_Directions for this task_: Could you copy exactly the lines below, beginning at the line with "Preview wallpaper pie, blueberry, blackberry, cheesecake" and stopping after the line with "472 Cardinal Place", with no pictures?

[Crawled caption data]
_ _ _ _ _

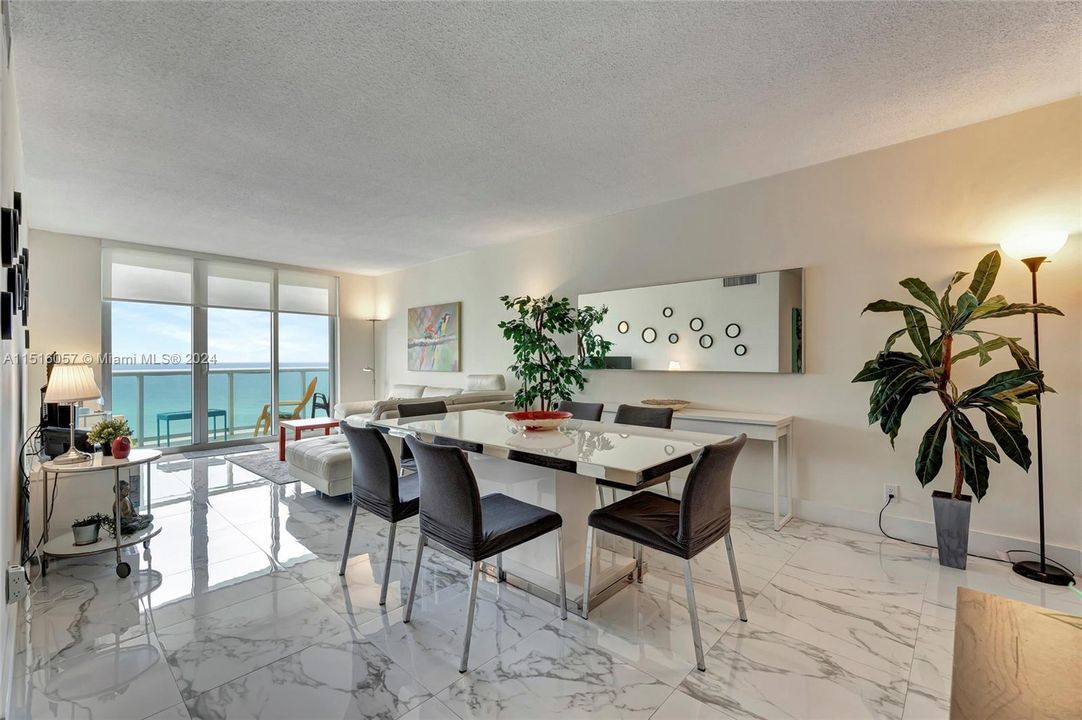 Recently Sold: $670,000 (2 beds, 2 baths, 1236 Square Feet)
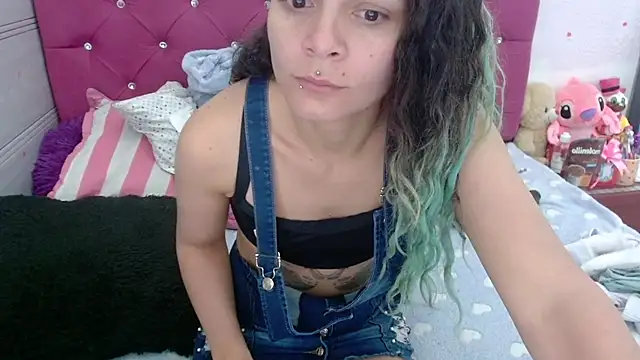 Ariasmithog online show from March 31, 10:01 pm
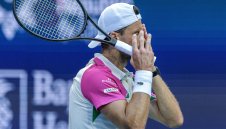 Гришо: Съжалявам, човече! Вие ми се свят! + ВИДЕО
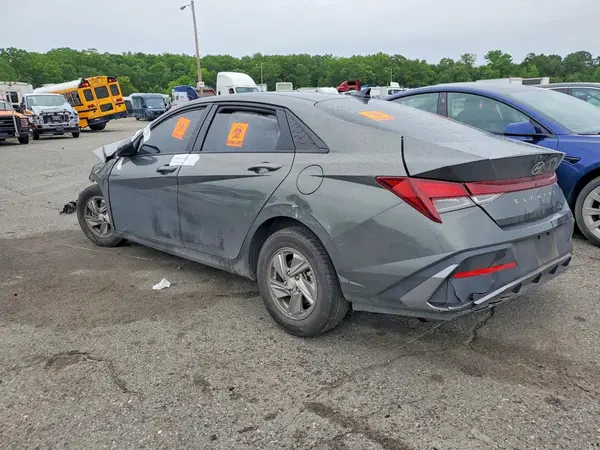 KMHLL4DG1SU855641 2025 HYUNDAI ELANTRA - Image 2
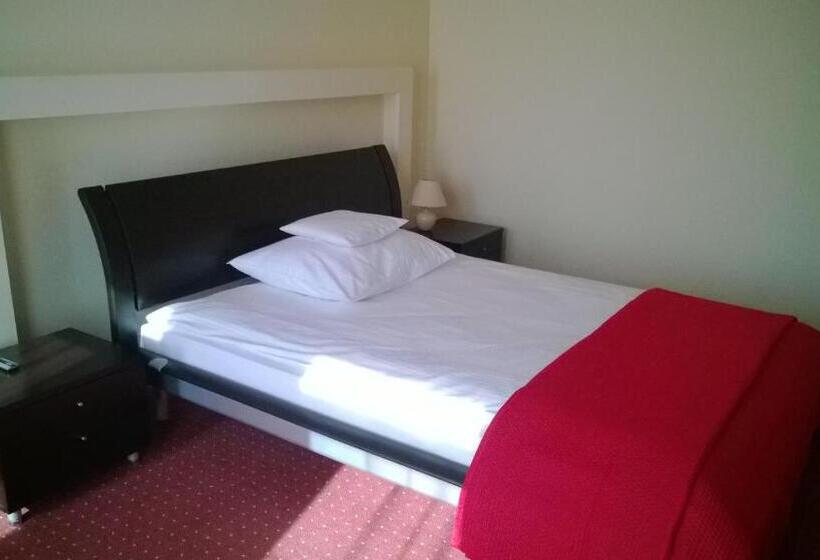 Quarto Deluxe Individual, Yuca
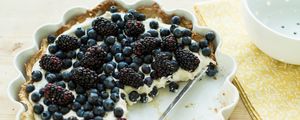 Preview wallpaper pie, blueberry, blackberry, cheesecake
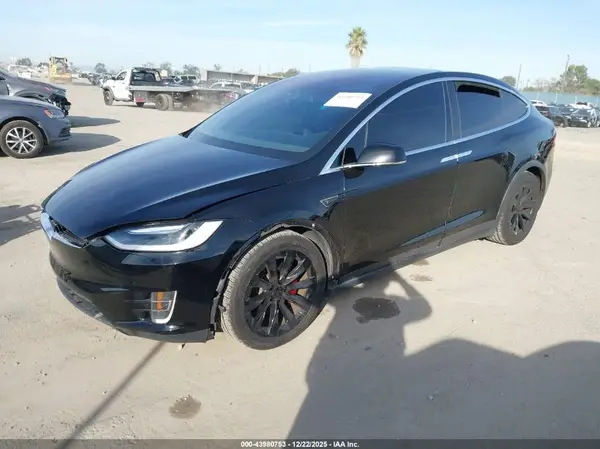 5YJXCAE22GF006531 2016 TESLA MODEL X - Image 2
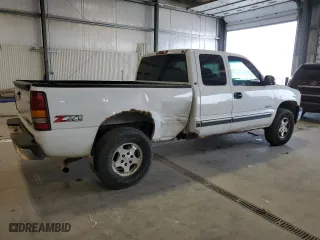 2001 Chevrolet Silverado 1500 LS with VIN 1GCEK19T21E163000, listed as a Copart auction lot 51509455 with 182,528 mi miles and Salvage Title. Bid and sale history available at carsss.com. Image 3.
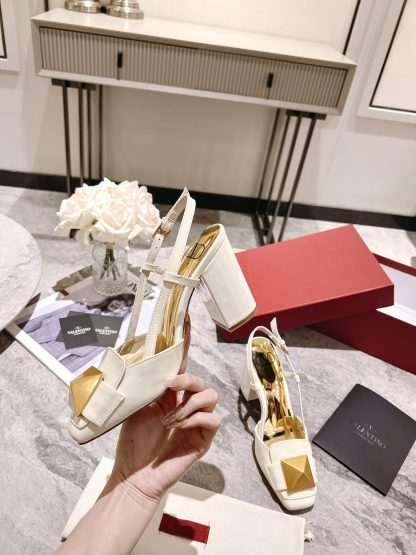 VALENTINO Simple Elegant Woven High Heels - Image 5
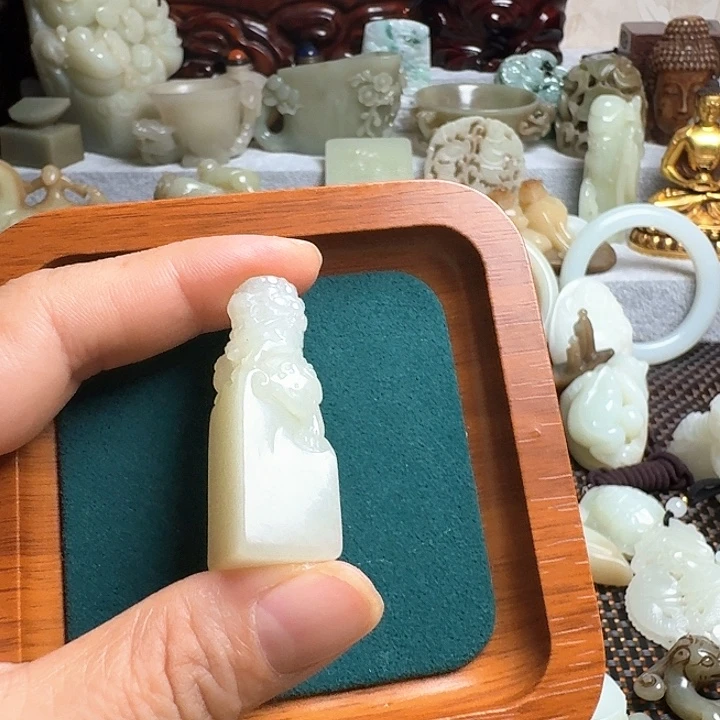 求***道瓷片新号开播瓷盘一件
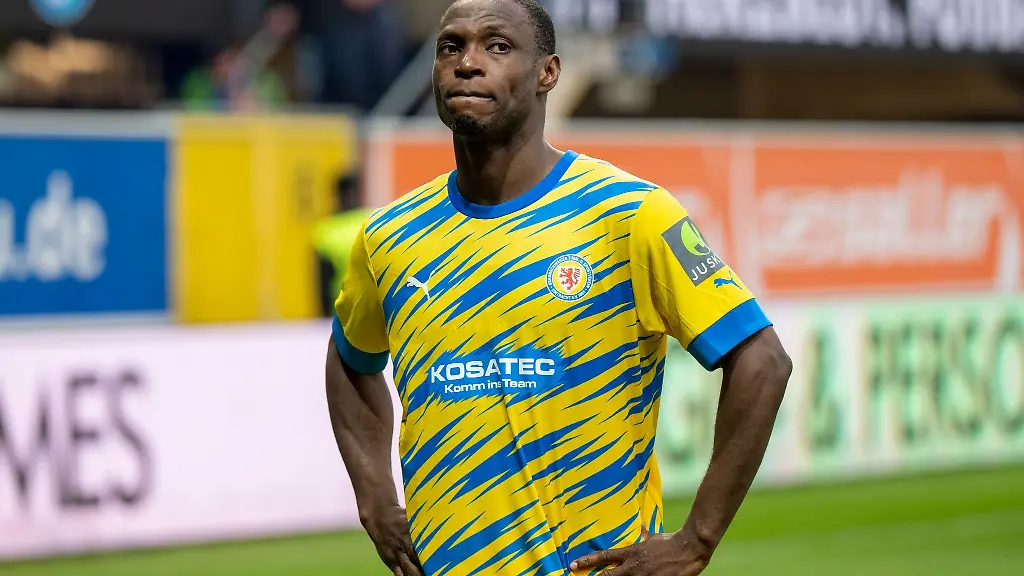 Braunschweigs-Anthony-Ujah-steht-enttaeuscht-vor-den-Fans-Braunschweig-sucht-einen-Stuermerkollegen-fuer-Ujah
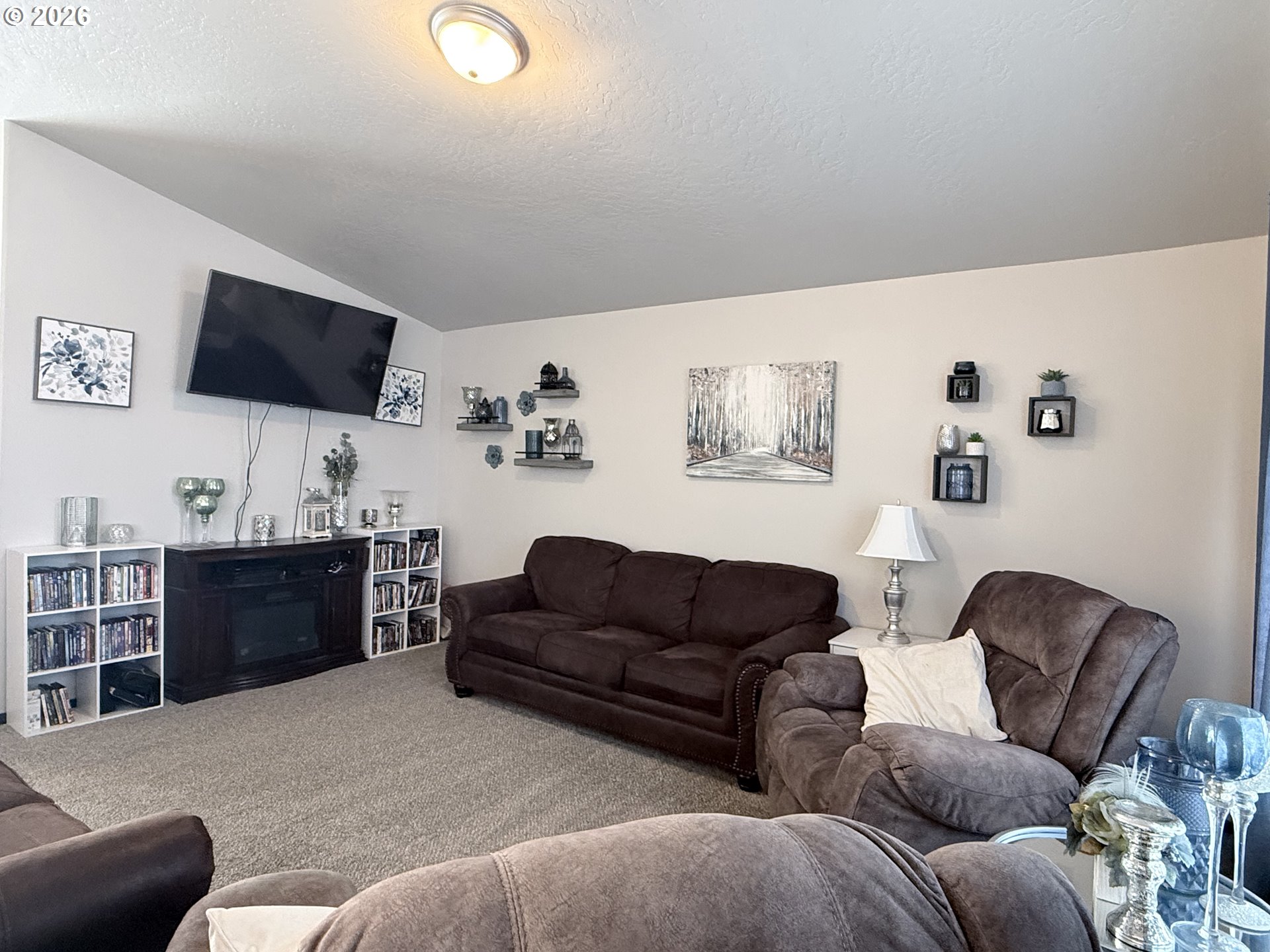 472 Cardinal Place Umatilla, OR 97882 - Photo 7 of 28 a living room with furniture and a flat screen tv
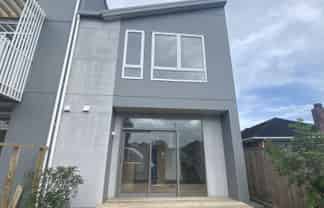 14/2 Moor Avenue, Te Atatu Peninsula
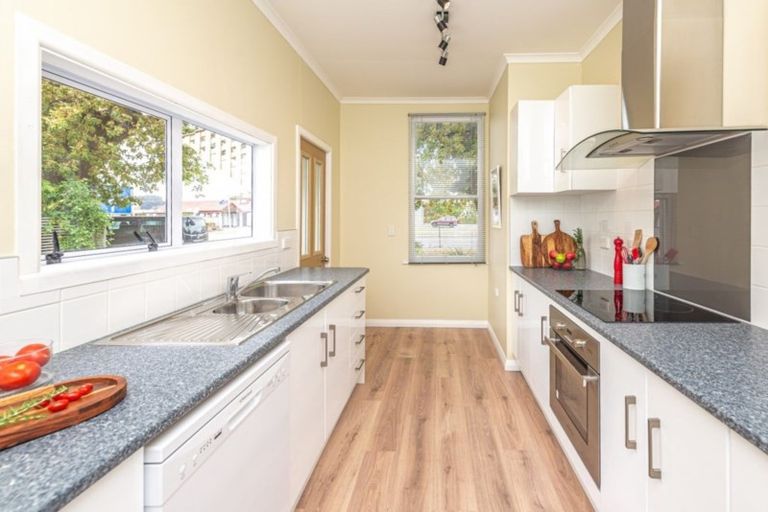 Photo of property in 14 Carlton Avenue, Gonville, Whanganui, 4501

_ _ _ _ _

_Solution to this problem_:
 Preview wallpaper pie, blueberry, blackberry, cheesecake
 5YJXCAE22GF006531 2016 TESLA MODEL X - Image 2
 2001 Chevrolet Silverado 1500 LS with VIN 1GCEK19T21E163000, listed as a Copart auction lot 51509455 with 182,528 mi miles and Salvage Title. Bid and sale history available at carsss.com. Image 3.
 VALENTINO Simple Elegant Woven High Heels - Image 5
 求***道瓷片新号开播瓷盘一件
 Braunschweigs-Anthony-Ujah-steht-enttaeuscht-vor-den-Fans-Braunschweig-sucht-einen-Stuermerkollegen-fuer-Ujah
 472 Cardinal Place Umatilla, OR 97882 - Photo 7 of 28 a living room with furniture and a flat screen tv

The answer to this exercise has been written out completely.